Senior Procurement Leader, Global Technology Company
That recognition from the CPO of a globally recognised technology company, speaks to what the Rosti Asia team built over the course of this program. Not just a manufacturing capability, but a relationship and a reputation.

Closing thoughts
The cassette program started in January 2025 with physical parts, no design data, and a requirement that most manufacturers would have declined. It ended with Rosti China achieving Start of Production in December 2025 and Rosti India following in February 2026, along with two qualified production sites and a design record that the customer did not have before.

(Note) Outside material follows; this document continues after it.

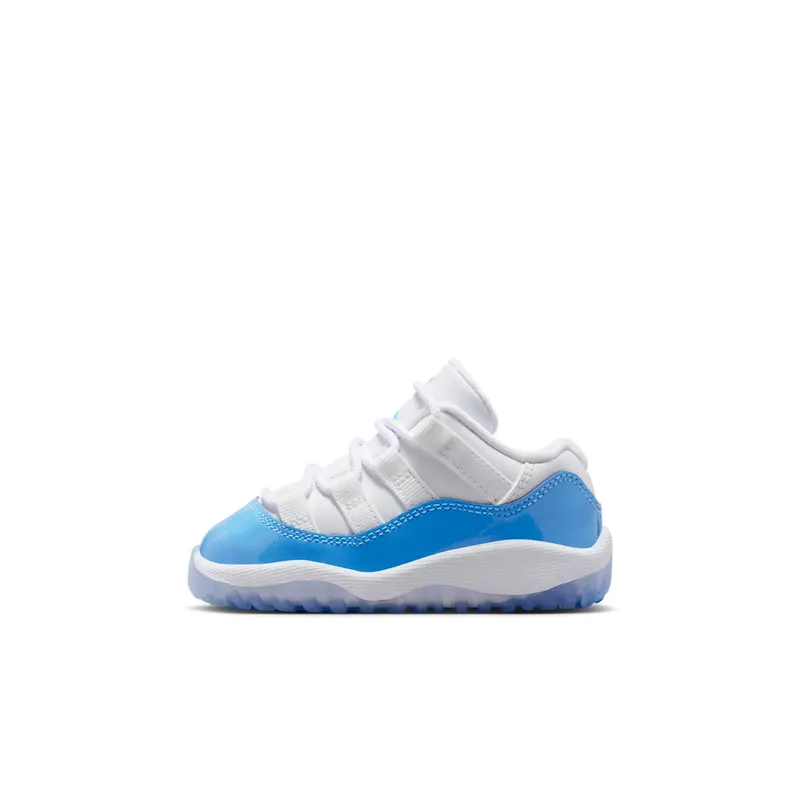 Air Jordan 11 Low TD “University Blue (2026)” (FV5120-100)
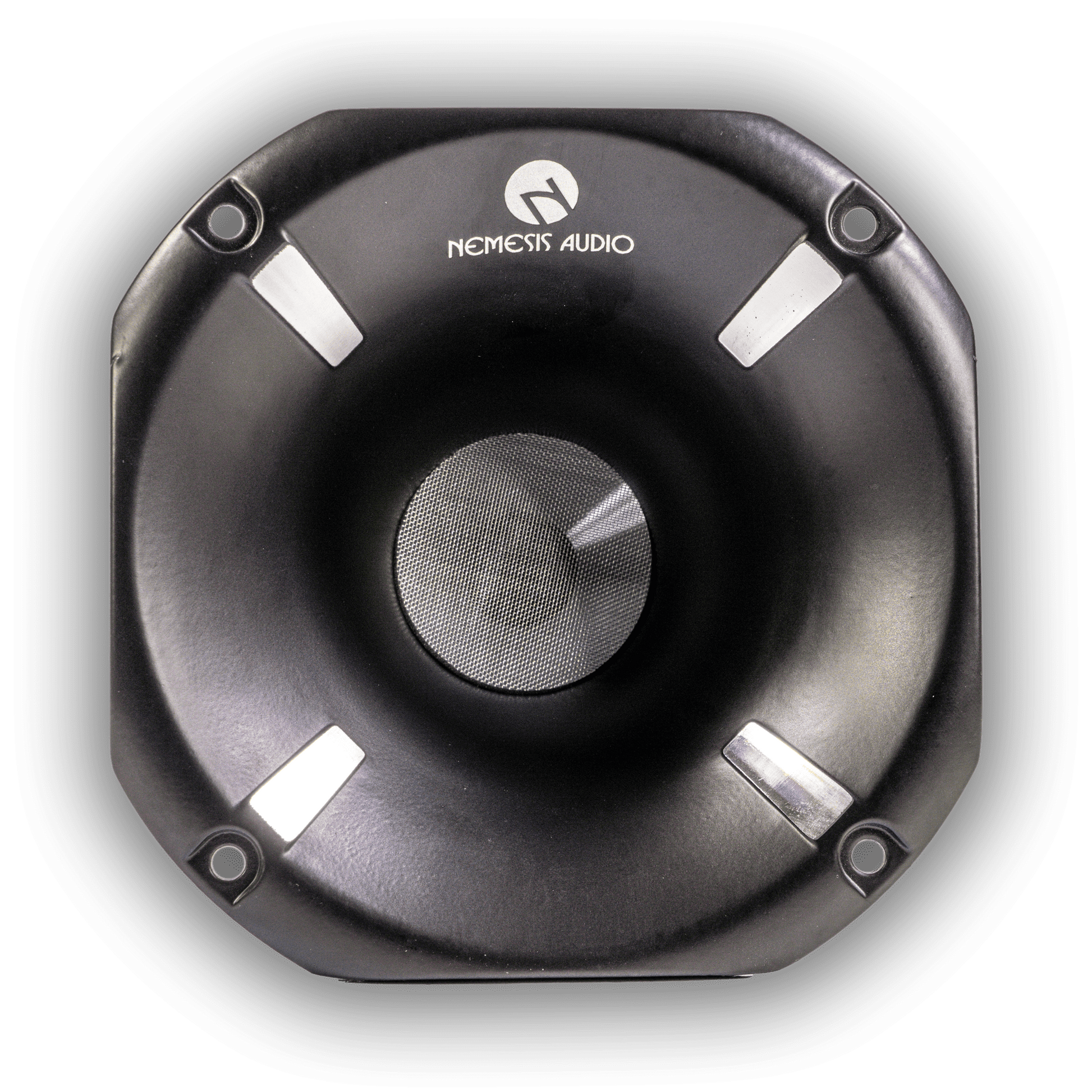 Nemesis Audio PRO-DRV02 6.2-inch 250W RMS 4-ohm horn driver front view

The team that delivered this deserves to be named. Tony Shen, who led the program from Suzhou with the precision and composure the complexity demanded. T.K. Purushothaman, Managing Director of Rosti India, whose leadership in establishing the Chennai facility created the platform on which the India qualification was built and who brought a new factory and a new team to life under conditions that would have tested the most experienced operation. The new Rosti India team in Chennai, who qualified a live customer program in a factory they were simultaneously building on their first program, from a standing start. The local customer project teams in China and India, who worked side by side with Rosti at every stage and never let the difficulty of the program become a reason to slow down. And from the global team – David Orr, Global Program Director; Roseann Wilson, Global Account Director, whose leadership and genuine partnership throughout made the impossible achievable.
At Rosti, we say that if we are not improving your design, we are not adding value. On this next-generation self-service banking terminal, we improved the design, reverse engineered the original specification, stood up a new factory mid-program, and delivered on time across two countries.